## Supplied entries
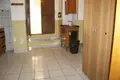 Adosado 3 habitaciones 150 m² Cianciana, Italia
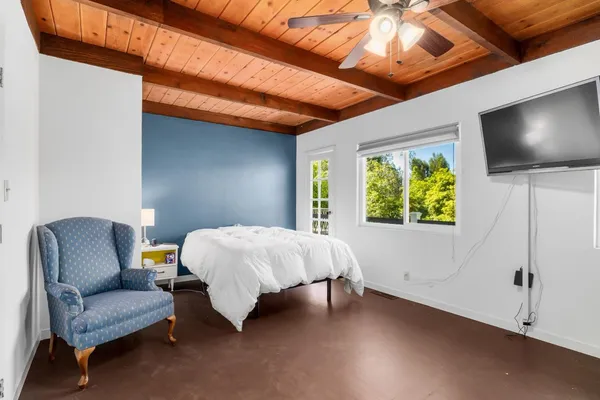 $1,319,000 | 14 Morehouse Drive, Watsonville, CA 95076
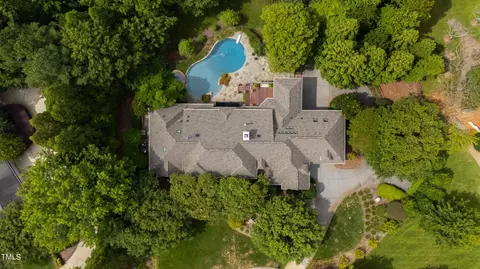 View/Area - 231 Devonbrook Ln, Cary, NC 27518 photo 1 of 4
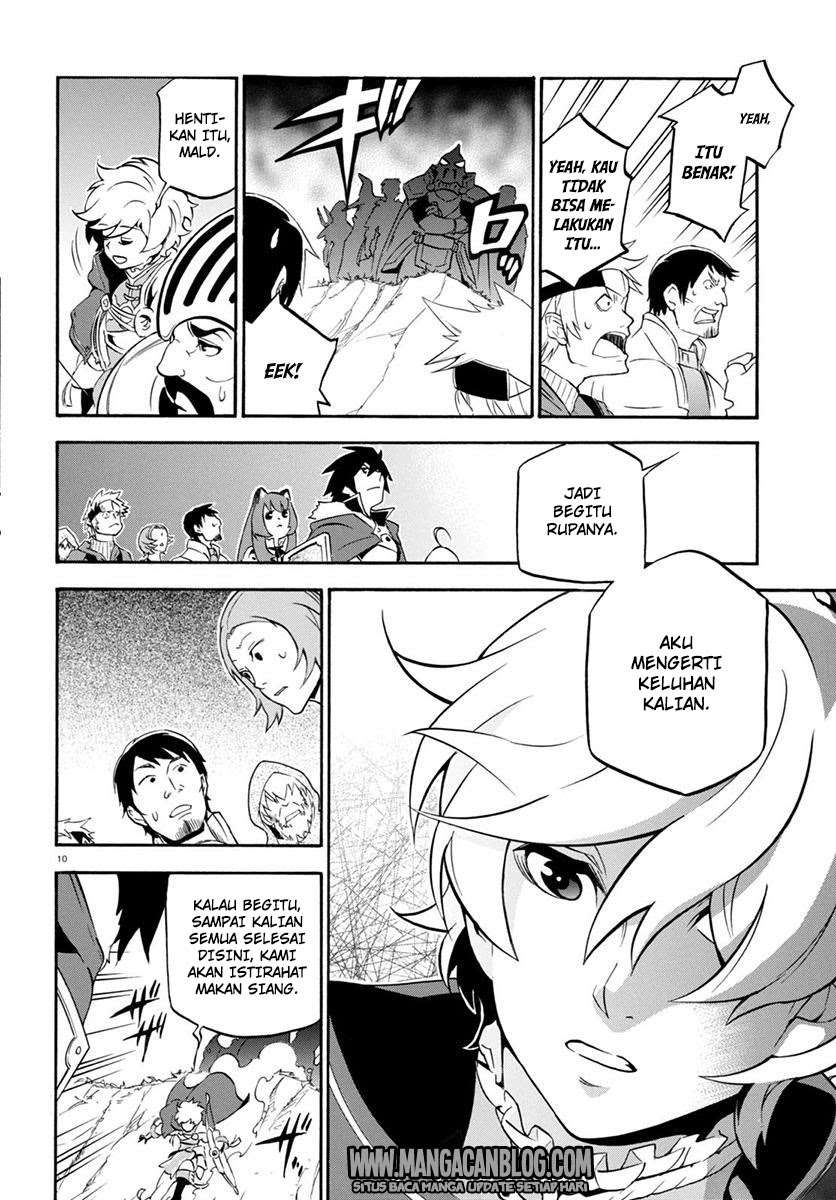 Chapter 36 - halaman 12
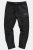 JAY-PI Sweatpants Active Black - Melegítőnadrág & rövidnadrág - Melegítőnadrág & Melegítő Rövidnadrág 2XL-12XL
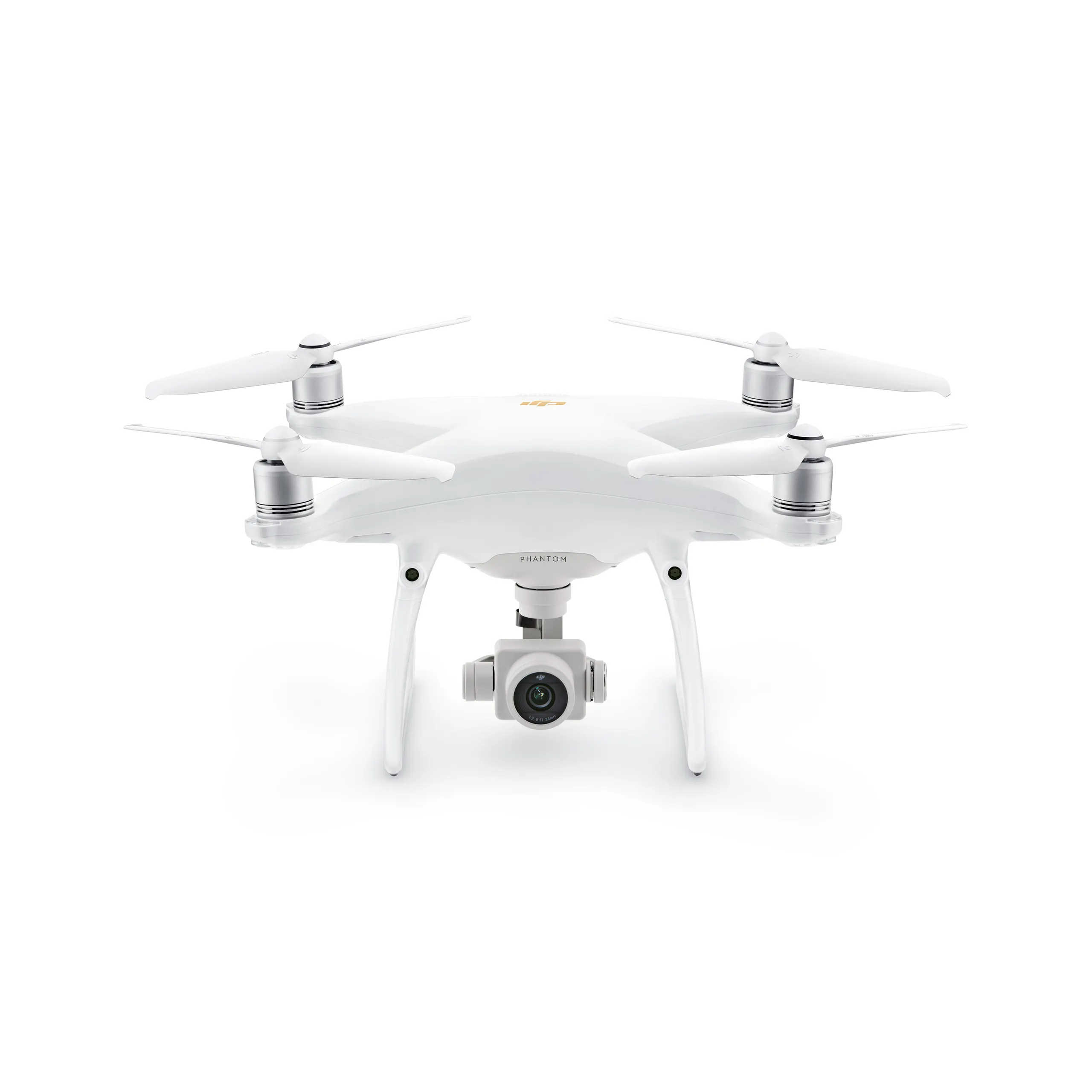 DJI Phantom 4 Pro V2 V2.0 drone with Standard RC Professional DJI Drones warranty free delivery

## Required action
From the first line to the last, reproduce the records above exactly and skip the pictures.

## Result of this exercise
 Adosado 3 habitaciones 150 m² Cianciana, Italia
 $1,319,000 | 14 Morehouse Drive, Watsonville, CA 95076
 View/Area - 231 Devonbrook Ln, Cary, NC 27518 photo 1 of 4
 Chapter 36 - halaman 12
 JAY-PI Sweatpants Active Black - Melegítőnadrág & rövidnadrág - Melegítőnadrág & Melegítő Rövidnadrág 2XL-12XL
 DJI Phantom 4 Pro V2 V2.0 drone with Standard RC Professional DJI Drones warranty free delivery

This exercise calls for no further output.